Yesterday we published part 1 of an article from Paul Blake of GEP on our Hot Topic SRM. Here is part 2. For more interesting thinking on procurement, visit the GEP Knowledge Bank

Part 1 ended: "In fact, oversimplifying the measurement can lead to you assessing the wrong performance indicator entirely."

Some time ago I came across a situation where four suppliers were selling the same commodity to a large company in the financial sector. Each of the four suppliers received a nominal 25% of the business but was measured on its ability to deliver the boxed goods within a certain turnaround time from order to receipt. Any supplier missing the deadline was marked down and received a lower percentage of the orders in the following month. So far, so fair, one would think.

However, one of these suppliers was a specialist in its field, the other three more generalists, supplying other categories as well as the one in question. The Specialist was the only vendor who could supply more niche products within the category and thus their quarter of the business comprised a much higher proportion of "hard to source" items than their competitors. You can see where this is going, I suspect. The niche items were subject to longer, more variable lead times, causing that supplier to more frequently miss the delivery SLA. The result was a gradual reduction in the business put their way until they ended up receiving ONLY orders for the niche products. Ultimately that supplier withdrew from the arrangement entirely. The buying company had to then find another vendor for those items, a process that was difficult and costly.

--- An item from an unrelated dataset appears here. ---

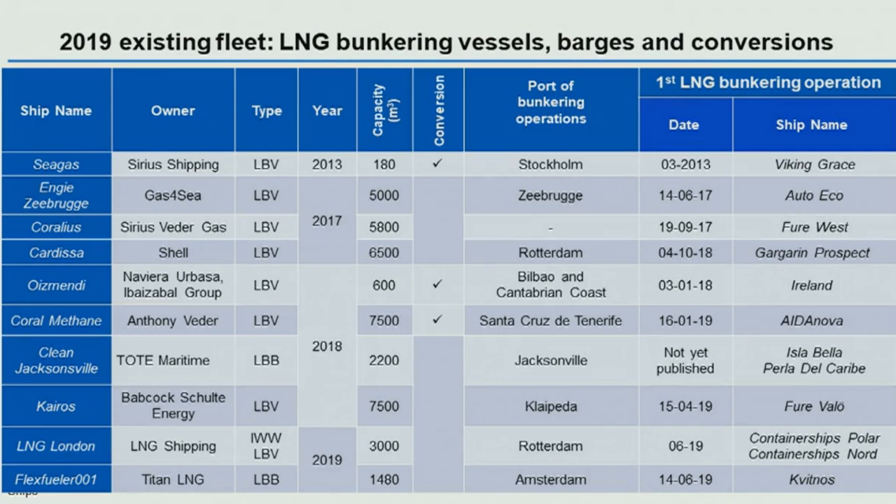This is the 2019 existing fleet. This is the 10 cases listed on the left-hand column: ship name, ship owner. The type acronyms are those typically used by Asian builders — LBV for LNG bunker vessel, LBB for bunker barge, and inland waterway bunker vessel. These are the years of delivery, capacities, port of bunkering operations, and the first bunkering operation for each vessel. All of this data is in the public domain, based upon press reports and trade data.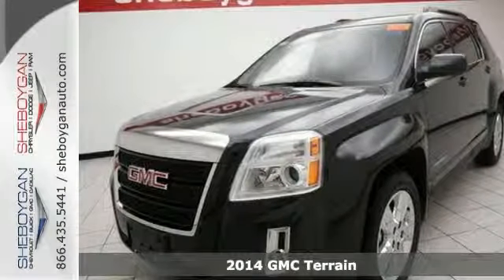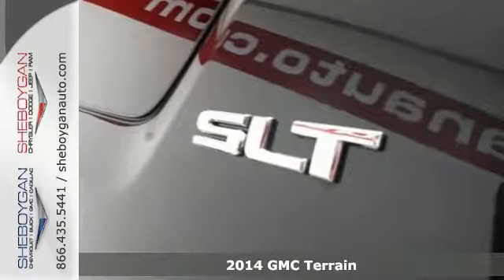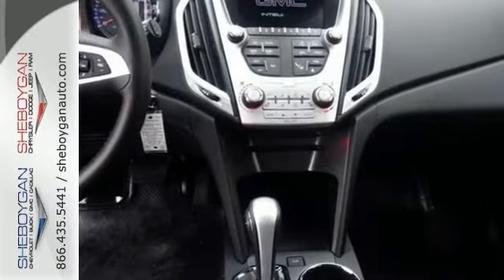If you have been hunting for just the right 2014 GMC Terrain, you can stop your search right here. This SLT model has a lot of things to offer, including a remote engine start and navigation, as well as head curtain airbags.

The company maintained that the system for assessing and maintaining supplier performance was straightforward, transparent and represented a level playing field but in reality it was anything but fair. The seemingly slight differences between the suppliers and how they operated led to a disproportionate gap in their performance scores. If the system of metrics excluded items that only one supplier could provide the share of business going to each would have been more equitable and stable.

Like a policy of economic control the rules of performance measurement, once set, can be perturbed by minor fluctuations. Keeping that in mind whilst determining a strategy for supplier relationships is important.

Fundamentally, the purpose of managing the relationship with your suppliers is to maximise the results, whether they be in terms of savings, efficiency, cost reduction and so on. Fitting a layer of strict empirical measurements on top of your dealings with each supplier may lead you to make the wrong assessment as to their value to your organisation and artificially report good performance as bad or vice versa.

Consequently, your supplier performance software needs to give you the latitude to craft specific combinations of hard metrics, softer qualitative assessments and to create plans of action that can be applied to the whole supplier base or targeted right down to an individual supplier level, if required. Software, by its very nature, is extremely good at permitting you to repeat the same tasks identically over and over, and to apply the same rules to many cases, but ensuring you can be flexible and allow for exceptions requires a practice of using the software in the right way.

So, the Art of supplier relationship management is in ensuring that the software can let you take into account the diversity within your supplier base, take advantage of your suppliers' strengths whilst giving you the freedom to act to improve things where needed. Yes, you want a clear view of how your suppliers are performing. However having a one-size-fits-all solution, with too hard and fast a set of KPIs and too scientific a methodology for performance analysis can lead to a distortion of that view.

By combining appropriate quantitative and qualitative measures, and by implementing action plans for improvements in a smart and collaborative fashion with your suppliers you can create a system that will help them help you.